I heave out the last spoonful of yellow bilious stomach
content. He throws a quick left hook at my jaw. This time the blood soils his
boot. He steps back, looks at it and shakes his head in disappointment. He
orders me to lick it clean at the same time that he delivers a professional
soccer kick to the imagined ball lodged between my collarbone and lower jaw. I
gasp for air, lose my wind and black out.
As I come to I am astounded with curiosity: I expected him to
heap the foulest insults on my honor. But how the hell have they learned such
minutiae about my grooming habits? I know such tricks of the Israeli
investigative trade: They want me to believe that they are omniscient, that
there is no use hiding anything from them, that I might as well give up and
admit everything.
“Not me!” I reassure myself under my breath.
“But I have nothing to admit,” I declare in garbled thick
Hebrew that he doesn’t understand.
He tries to extract out the words by ordering me to spit out
the three teeth he had knocked from my lower jaw. I cannot talk. Instead I feign
fainting again. He delivers a parting full force solid kick to my side. I swear
I can feel my spleen burst. Or is it my liver? Or my empty stomach and intestines?

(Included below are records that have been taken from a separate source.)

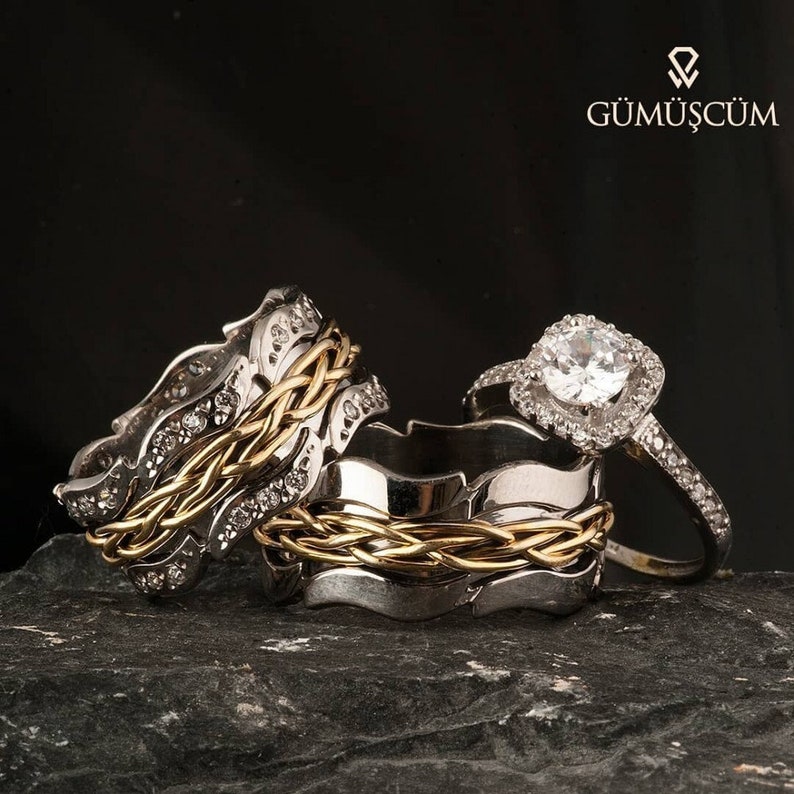 Wedding Rings Set,
His and Hers Couples Rings,
His & Hers Wedding Band Set,
Silver Wedding Rings,
Wedding Ring Set for Couples Pair of Rings,
Jewelry,
Rings,
Wedding Bands, 
His Her bands set,
mens promise ring,
woman's promise ring,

I wish I had a free hand to palpate my abdomen and make a more objective
clinical diagnosis. I go under again, this time for real.

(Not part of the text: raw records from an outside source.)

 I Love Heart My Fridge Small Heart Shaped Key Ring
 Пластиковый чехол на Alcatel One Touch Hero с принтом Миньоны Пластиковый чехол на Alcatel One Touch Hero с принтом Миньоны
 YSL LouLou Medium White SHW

As I regain consciousness a diminutive Sephardi man, the same
Israeli Ministry of Health boss whose name on the Canadian conference website
made me suspicious, is wiping the blood from my face with a rag and apologizing
for how “that Ashkenazi brute” has messed up my face. I realize that he has
unshackled my legs. I stretch them this way then that way,
“We are both public health physicians. We should come to an
amicable understanding,” Mr. Nice Guy tells me. “We can speak in Arabic if you
prefer. Let us see if we can get over this snag in communication.”
“What do you expect me to communicate to you?” I ask, not
really sure I can make out my own slurred words.
“We know you have been sharing information with an enemy
agent. And you used to throw stones at our soldiers. But that was a long time
ago. We won’t bring that up unless you force us.”
“I did no such thing!” I object raising my voice.
“See? You are very antagonistic,” he says gently touching the
sensitive skin of my missing moustache with the back of his index finger as a
gesture of reconciliation.
“But I participated on Skype. I wasn’t there physically. How
could I’ve met anyone?”
“One thing at a time, my friend,” he says with a knowing
smile. “At the conference it is your words and strange thoughts we want to
hear. You said a lot that you shouldn’t have. You accused your own country of
genocide, of fascism and of apartheid even when you didn’t use the exact nasty
terms. And you tried to back your misinterpretations of our goodwill with
statistics that you used selectively.”
“I used only official figures from the Central Bureau of
Statistics,” I declare indignantly.
“But you twisted them out of their original context. We both
are learned enough to know how to lie with statistics, aren’t we?”
“Speak for yourself, Boss!”
“And we know you met an enemy agent at a party and he asked
you for a contact in Galilee.”
“Is that all you have on me, you SOBs?”
“Cool it! You know who is in charge here,” Nice Guy says. Then
he smiles kindly “If you have more, I am all ears.”
“But the guy is a Jewish gay peacenik,” I say in amazement. “How
do you manage to turn him into an enemy agent?”
“But where were you sending him?” Nice Guy asks instead of
answering me. “And with whom was he going to meet?”
“I wanted to arrange for him to meet a communist nephew of
mine on the occasion of the commemoration of the Nakba in the ruins of Lubieh the
ruined Palestinian village half way between Nazareth and Tiberius.”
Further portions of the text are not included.